It has been reported that up to 60% of women going through menopause and perimenopause report suffering from “brain fog,” the catch-all moniker used to describe the forgetfulness, difficulty concentrating, fuzzy thinking, and lack of motivation that makes our 40s and 50s so much fun. Been told you are crazy? Get ready for some validation: a 2016 research study from the University of Illinois College of Medicine and Stanford University confirms that we aren’t hysterical after all – it really is a thing.
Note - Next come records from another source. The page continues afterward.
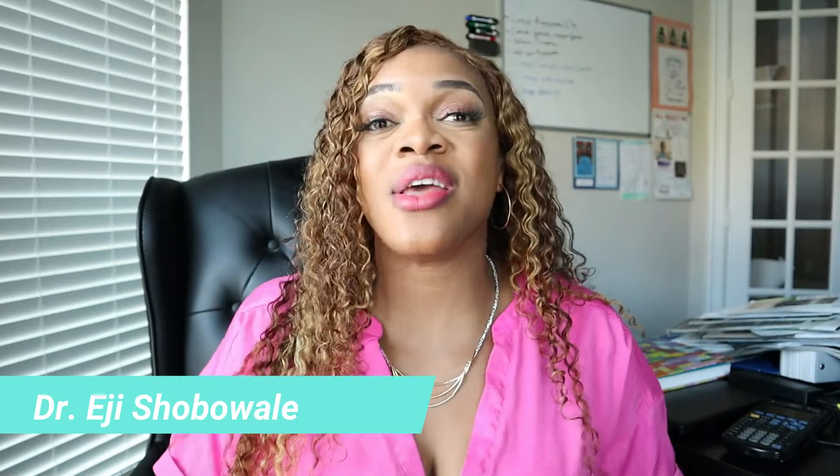If you're new here, I'm Dr. Show, the Fly4Doctor. I'm a foot and ankle surgeon and podiatrist out here in Houston, Texas. If you're new, welcome. I hope you stay till the end and subscribe, like, and share this video.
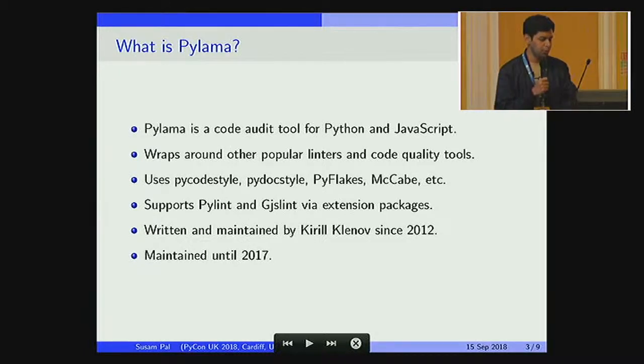It supports a couple of other linters like PyLint, GJS, and lint-by-extension packages. It was written and maintained by Kirill Klinov in 2012, and he did an excellent job of maintaining this for about five years, until 2017.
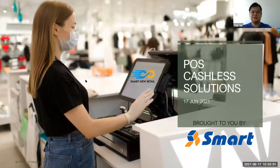Okay, so once again, thanks for all of you that have attended this sharing. I hope today's sharing, you can get something out of it. So today our topic is about the POS cashless solutions. I think a lot of you have learned about cashless — actually, what is a cashless solution?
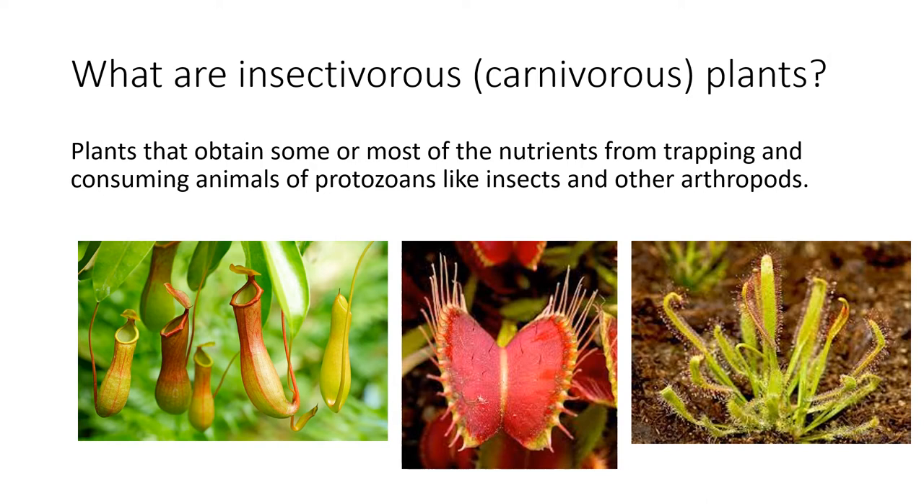What are insectivorous plants? Plants that obtain some or most of their nutrients from trapping and consuming animals or protozoans, like insects and other arthropods.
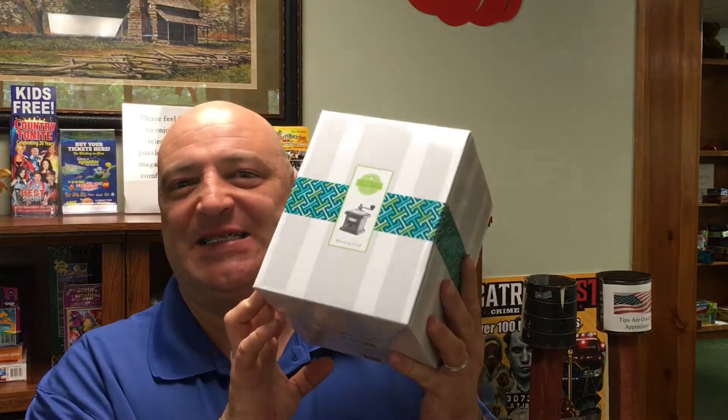It's a new warmer from Scentsy. Yes, it is the Morning Grind, and here it is in its box. Shall we open it?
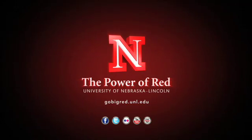Put yourself on the map at gobigred.unl.edu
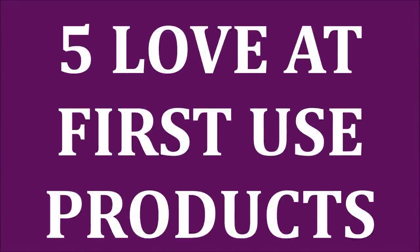Today I have just five products that I instantly fell in love with the first time I tried. Let's take a look at what they are. Hi my friends, I decided that since my videos can get so long, I was going to whittle this down to just five products that I'm loving at the moment.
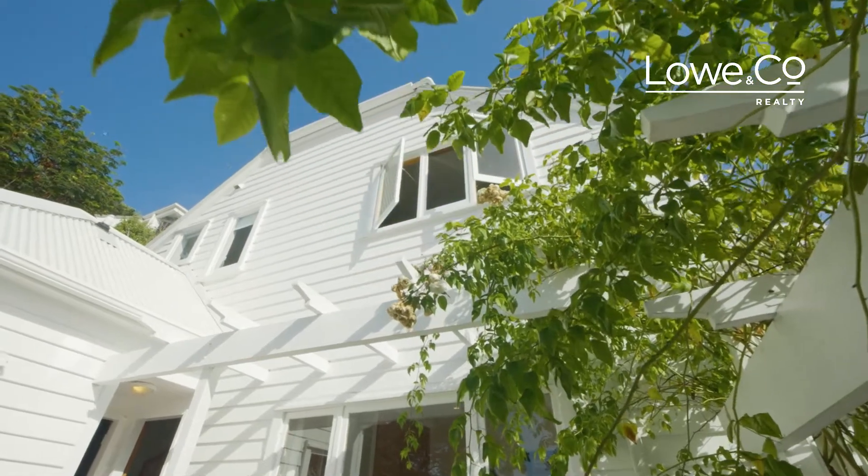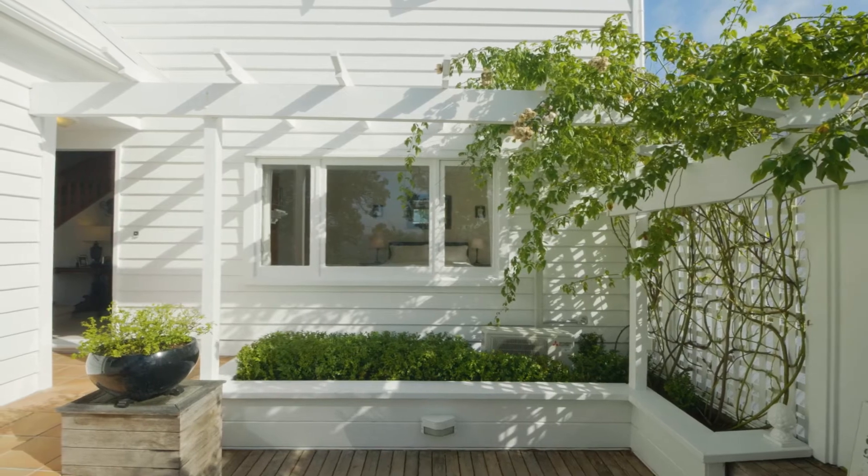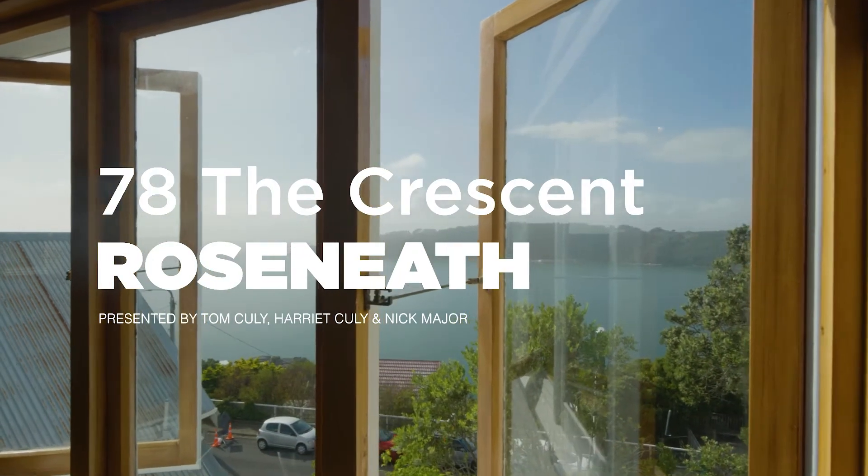Are you looking for east to west views, stunning character and unbeatable location? Presenting 78 The Crescent, this is The Lowdown, let's check it out.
Those haywire hormones are to blame; specifically, dropping estrogen levels, as estrogen is the hormone tied to the area of the brain which processes memory, the hippocampus. Researchers in the study showed that hormone replacement therapy did not have a significant effect on brain activity in that sector, though over time, most women do naturally regain their memory function. That’s a little encouraging…. But assuming that just waiting for it all to end is not a viable course of action, how can we protect our brains from the adverse effects of shifting hormones in middle age?
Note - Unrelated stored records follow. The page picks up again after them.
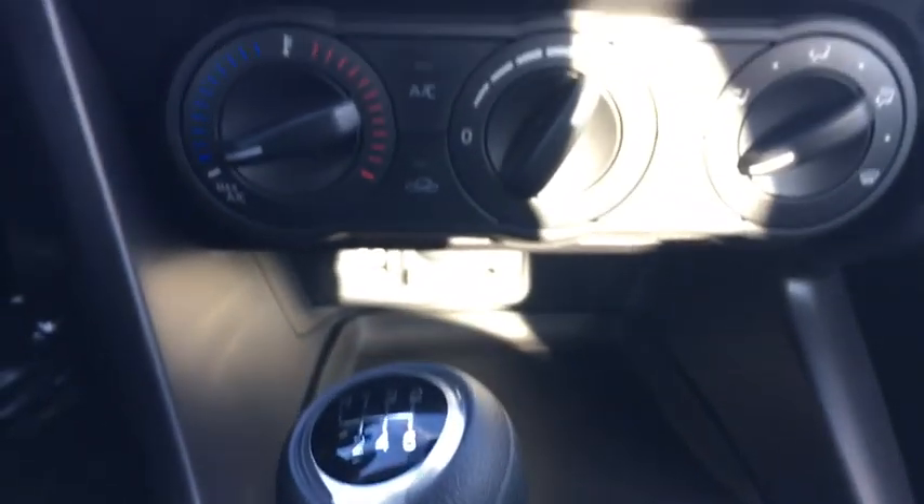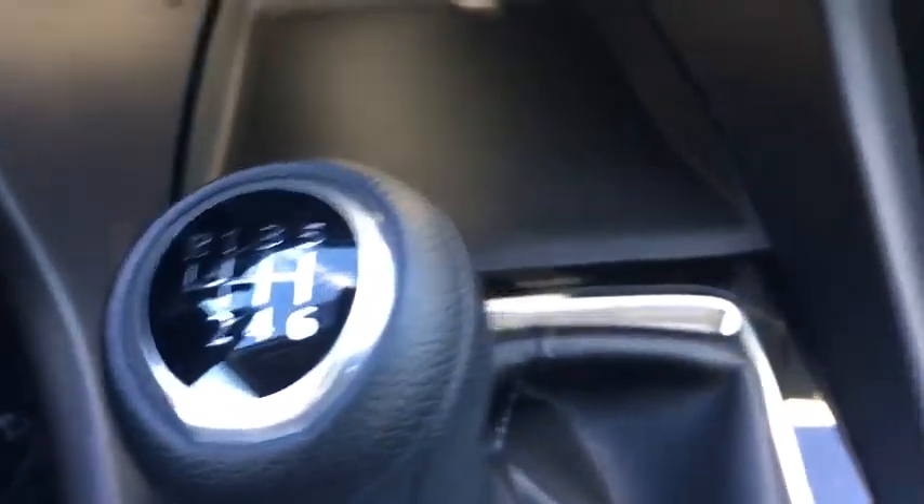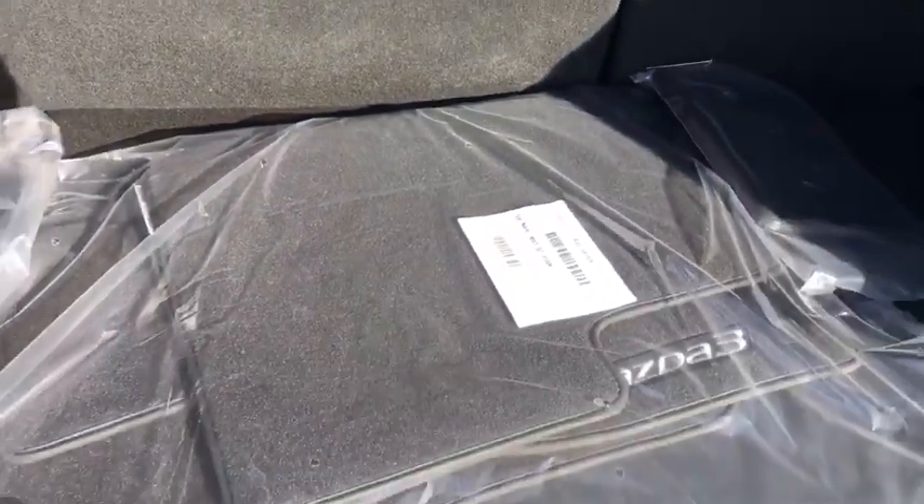Floor mats, aluminum wheels, four-wheel disc brakes, keyless start, cruise control, front-wheel drive, AM-FM stereo radio, rear defrost, power door locks, bucket seats.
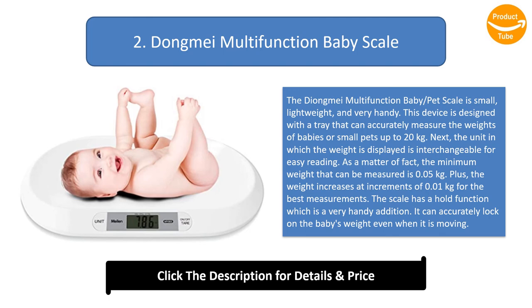The minimum weight that can be measured is 0.05 kilograms. The weight increases at increments of 0.01 kilograms for the best measurements. The scale has a hold function which is a very handy addition, and can accurately lock on the baby's weight even when it is moving.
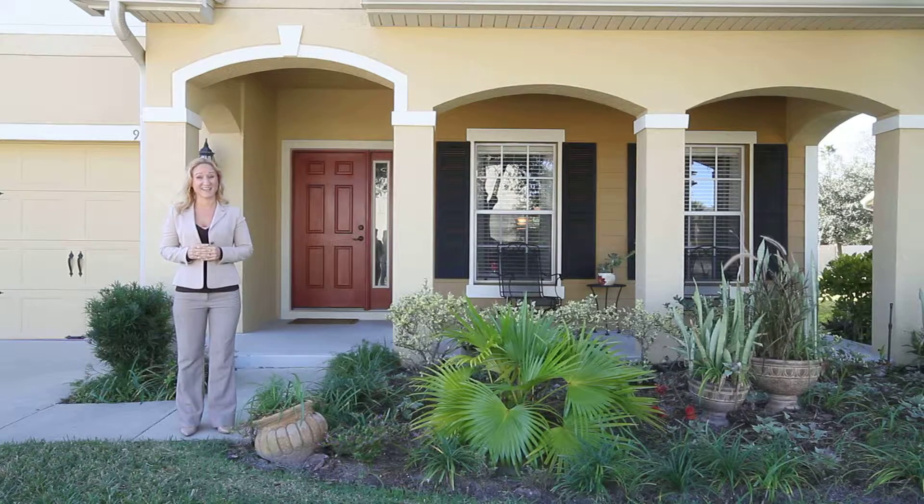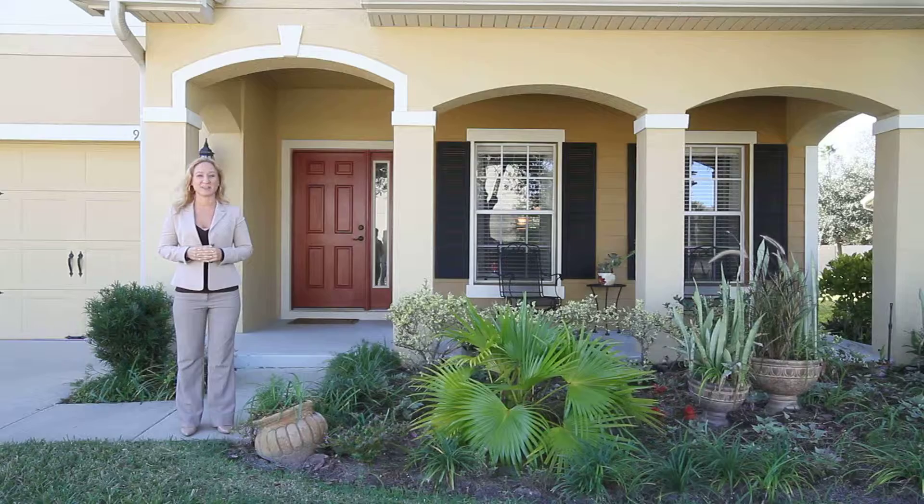Schedule your private tour today. Call me at 407-765-2912.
The answer may lie in the simplest prescription of all: get active. A surprising finding in the study was that active women showed the same levels of brain activity as their pre-menopausal peers. And while no one knows for sure why that is – it could be that consistent physical activity makes the brain resistant to certain hormone fluctuations, or perhaps exercise facilitates the brain’s recruitment of estrogen from other sources, such as stored fat or converting testosterone in the body – either way, it is good reason to get and stay active (if you really needed one more).
You don’t have to run a marathon, although having a big goal like that could help with sticking to it; what’s more important is consistency. I have a rule that I’ve followed for years: even (especially!) when I really don’t want to exercise, I force myself to do something active for 20 minutes. I might go for a walk, take a spin around the neighborhood on my bike, do a super-fast bout of cardio at the gym, or just set the clock and go through my homemade HIIT/Yoga routine. Once that 20 minutes is up, I am free to quit at any time, with no guilt whatsoever. The magic of the 20 Minute Rule is that once you are moving and the endorphins kick in, it is usually pretty easy to just keep going (I mean, I’m already at the gym, might as well finish it out…); but if I DO end up throwing in the towel, I feel good knowing that I have just done better than 99% of the population on any given day, and I really do feel about one hundred times better than I did when I started.
We already know that exercise will work wonders on our mood, weight, and general well-being. Now we have real evidence that we can protect our brains and reverse some of the damaging effects of menopause in the same way. C’mon – who’s up for 20?